“Ain’t pulling her tail,” replied Sammy promptly. “I’m only holding her tail. The cat’s doing all the pulling.”

Agnes bore down upon him and he immediately ceased holding poor pussy’s tail.

“Say! you’re awful particular,” complained the boy. “I wasn’t really hurting the old cat, Aggie. And—and it ain’t polite to always be interferin’ with a feller.”

“Now you’ve got it, Aggie,” chuckled Neale O’Neil. “You see you’re not polite. And politeness costs nothing.”

“Oh! doesn’t it?” returned Agnes. “Suppose you’d put ‘very respectfully yours’ at the end of that telegram you sent to the auto factory?
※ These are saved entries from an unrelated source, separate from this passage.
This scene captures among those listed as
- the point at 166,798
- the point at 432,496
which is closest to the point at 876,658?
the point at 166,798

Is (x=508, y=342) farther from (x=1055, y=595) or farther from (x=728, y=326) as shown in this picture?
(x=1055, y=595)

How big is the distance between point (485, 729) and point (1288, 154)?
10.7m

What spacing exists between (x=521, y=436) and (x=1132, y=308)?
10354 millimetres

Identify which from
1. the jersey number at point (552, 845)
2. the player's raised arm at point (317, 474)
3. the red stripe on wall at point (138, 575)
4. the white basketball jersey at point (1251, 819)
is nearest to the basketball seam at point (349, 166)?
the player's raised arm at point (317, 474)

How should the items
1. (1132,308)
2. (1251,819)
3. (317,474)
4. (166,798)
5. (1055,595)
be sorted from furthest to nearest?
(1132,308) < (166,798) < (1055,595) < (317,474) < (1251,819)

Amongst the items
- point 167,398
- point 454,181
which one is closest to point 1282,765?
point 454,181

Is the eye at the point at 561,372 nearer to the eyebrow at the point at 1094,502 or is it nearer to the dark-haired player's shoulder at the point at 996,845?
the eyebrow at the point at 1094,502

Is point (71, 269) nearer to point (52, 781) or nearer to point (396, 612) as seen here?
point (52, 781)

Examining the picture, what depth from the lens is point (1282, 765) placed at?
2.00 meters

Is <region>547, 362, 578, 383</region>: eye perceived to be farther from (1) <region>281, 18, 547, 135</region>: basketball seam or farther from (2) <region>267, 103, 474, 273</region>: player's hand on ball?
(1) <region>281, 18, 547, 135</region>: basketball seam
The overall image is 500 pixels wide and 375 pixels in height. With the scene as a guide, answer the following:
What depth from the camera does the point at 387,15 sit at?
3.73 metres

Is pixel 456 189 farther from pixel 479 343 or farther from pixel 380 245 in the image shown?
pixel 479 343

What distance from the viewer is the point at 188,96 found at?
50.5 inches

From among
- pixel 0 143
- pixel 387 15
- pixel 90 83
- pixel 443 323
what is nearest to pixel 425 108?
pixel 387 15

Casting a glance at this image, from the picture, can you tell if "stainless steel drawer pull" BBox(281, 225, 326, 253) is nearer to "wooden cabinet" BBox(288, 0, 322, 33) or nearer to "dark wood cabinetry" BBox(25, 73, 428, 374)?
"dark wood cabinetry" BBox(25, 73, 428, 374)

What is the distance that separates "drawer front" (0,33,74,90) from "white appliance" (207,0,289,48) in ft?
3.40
I guess you’d have found it cost something.”

“Stung again!” admitted Neale.

“Why, what is all this I hear?” demanded Ruth, coming up from the horse trough pump bearing a brimming pail of water. “Did somebody get out of bed on the wrong side this bright and beautiful morning?”

“It was the cat,” said Neale, in a sepulchral voice. “She started it.”

“Which side is the wrong side of a hay-mow bed, Ruthie?” Tess asked.

“That’s a poser,” Neale said. “You’ll have to ask somebody else about that, eh, Ruth? Now, hustle along the breakfast, you girls, for I must start for Hickton.”